While I was away in Toronto I had the unique opportunity to be part of a historical story that was displayed before me. It was dance theatre. I had never been to one. I was excited because I knew one of the performers, so I couldn’t wait to see it live. I love live theatre. It’s a breathtaking event that is played out right in front of you. The thing I love about live theatre is how it is able to connect you emotionally. It’s like being struck by lightning ( metaphorically speaking!) and having the ability of holding back tears being ripped away from you. And you are left with pure emotions. So vulnerable and raw. It’s so beautiful.
The play was titled, “The Honouring” and it was about the war of 1812. It portrayed the struggles of the families of the First Nations warriors who fought and died in that war. The musical score for the performance was haunting and epic. You could feel yourself being pulled in by it because you’re immersed in the sound of it because you hear it all around you. It was fantastic! It was magical! But also so heartfelt. The performers did their jobs awfully well. They made you believe you were there, witnessing the experience of what it was or might have been like. Now’s that’s theatre. That is performance at its best.

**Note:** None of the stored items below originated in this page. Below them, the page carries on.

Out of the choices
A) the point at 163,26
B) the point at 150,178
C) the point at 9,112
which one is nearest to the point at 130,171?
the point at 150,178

The majority of the performers were First Nations actors who had performed before. They were either in the first premier of the Honouring in 2013 in Toronto, or they had just joined in 2014. When I spoke to the person who I knew about the training and the dance choreography, he told me that it was hard. But he also said that it was worth it. And it showed in his performance. He knew every move, every step. And when I saw him out there dancing and performing, he convinced me that he was a warrior of 1812. I saw it in his face, his movements, his steps, and his dance. I couldn’t believe it. But I felt it. I was totally awestruck. And maybe because I was partial to the story, but I think you can be awestruck even if you weren’t. There were words in the story and made people perks their ears up to listen. It told of a tale of long ago but a story that is still relevant today. It told us how one day animals would be deformed, and the waters would run contaminated. And so it is. We see it all around us. We hear stories about the crisis of our home, the world we know as home. Our Mother Earth. The Honouring played in Fort York in Toronto and in Niagara, New York and is set to play in P.E.I this July 12 weekend. It will be the last date to play this year. But don’t worry, if you haven’t seen it yet I am sure they will return again next summer.